What I needed now wasn’t necessarily a career boost, as I’m going along at a nice cruising speed, though not exactly on afterburner. What I found I really needed was a lot more time. Time is a more rare commodity at this stage of life than a steady paycheck and even opportunity. It’s not simply that time is money, but time or the lack of it is at the root of everything else.

Hopefully now, there will be more time. That includes time to take a nap, time to relax, time to go to the gym more often. And yes, time for wargaming, and Line of Departure.

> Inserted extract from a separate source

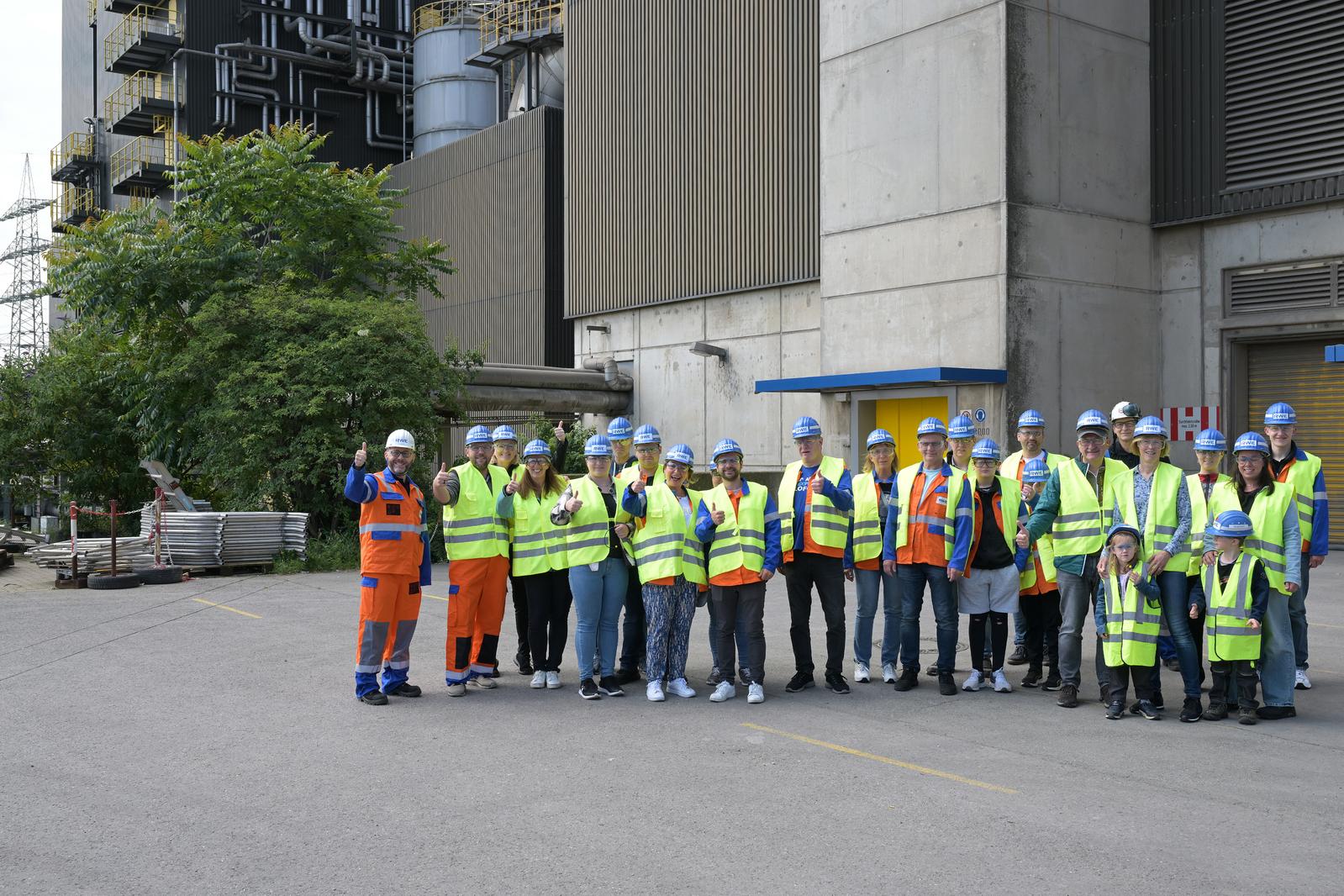 Eine Gruppe von Arbeitern in Sicherheitskleidung steht draußen vor einem Gebäude und lächelt, während sie Daumen hoch zeigen.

This issue features games from “seldom scene” publishers, ones whose work has appeared rarely if at all over the years. The lead review is of Forgotten Legions, the first time that a Compass Games product has been covered in these pages. With the growing number of the company’s products in my library, this is way overdue. Games from Moments in History used to be staples here, but not in some years. They return this issue with an analysis of Ring of Fire, originally reviewed here when it came out. Decision Games products have been missing for a while too, though not nearly as long, and return with an article on the folio game Acre. This is significant for another reason, as medie-val topics are relative rarities in the magazine. But the “usual suspects” aren’t forgotten, Issue 82 also looks at the old SPI game Oil War, and the venerable Avalon Hill groundbreaker, Tobruk.

Now let’s see what I can do to advance the publication of Issue 83.